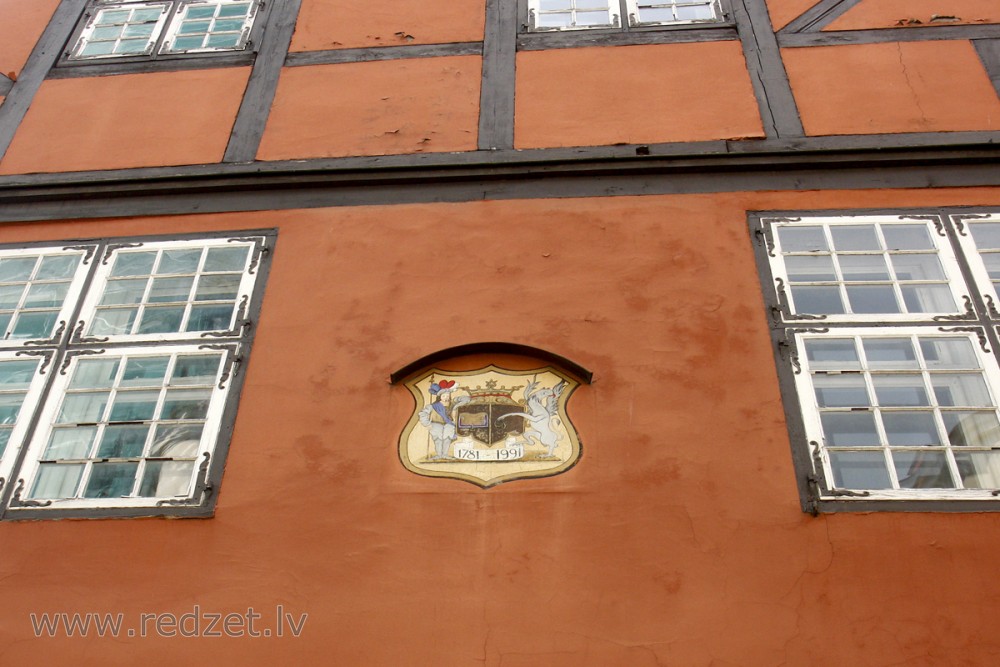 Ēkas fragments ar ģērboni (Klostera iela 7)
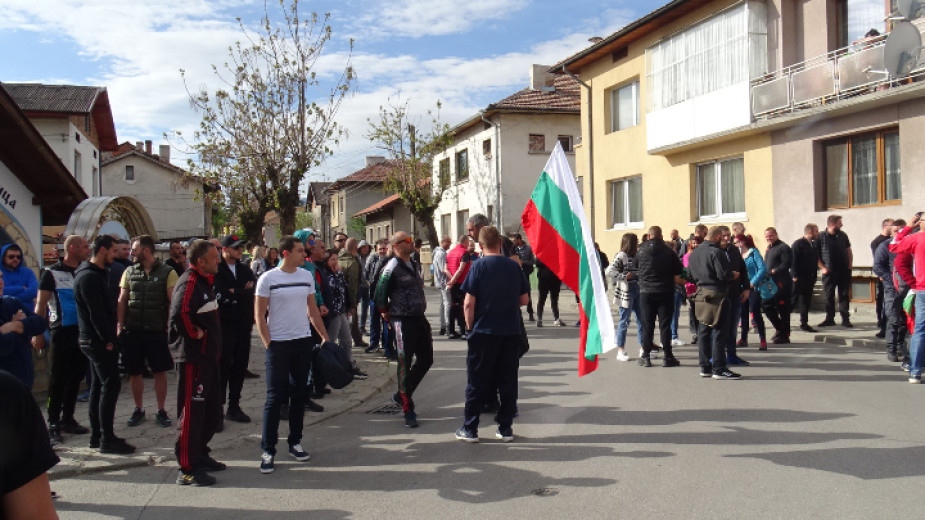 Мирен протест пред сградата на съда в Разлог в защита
==
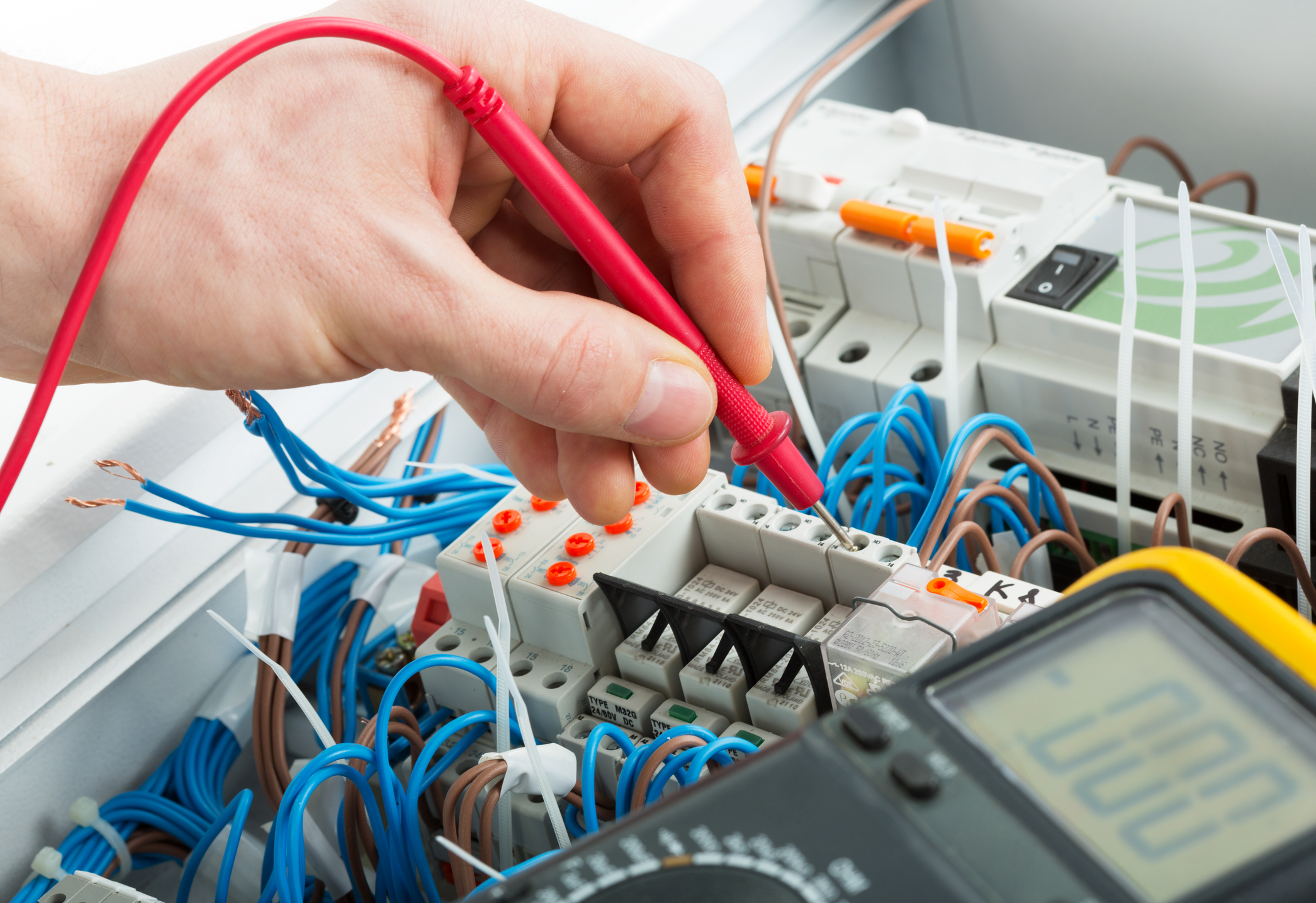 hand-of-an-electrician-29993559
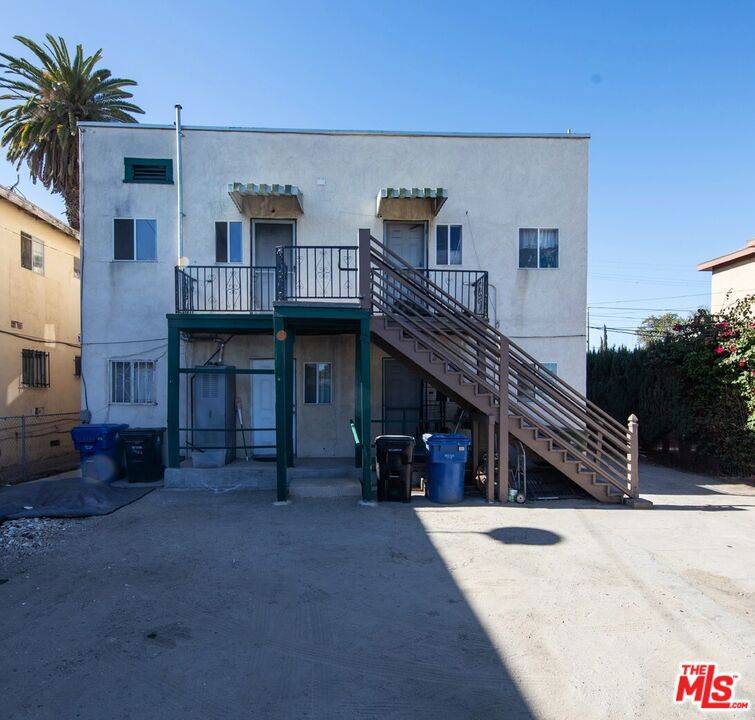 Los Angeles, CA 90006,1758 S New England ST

» **TASK ITEM**: Above are records; write out the lines from the one with "Ēkas fragments ar ģērboni (Klostera iela 7)" down to the one with "Мирен протест пред", exactly, leaving the pictures out.

» **RESPONSE BELOW**:
 Ēkas fragments ar ģērboni (Klostera iela 7)
 Мирен протест пред сградата на съда в Разлог в защита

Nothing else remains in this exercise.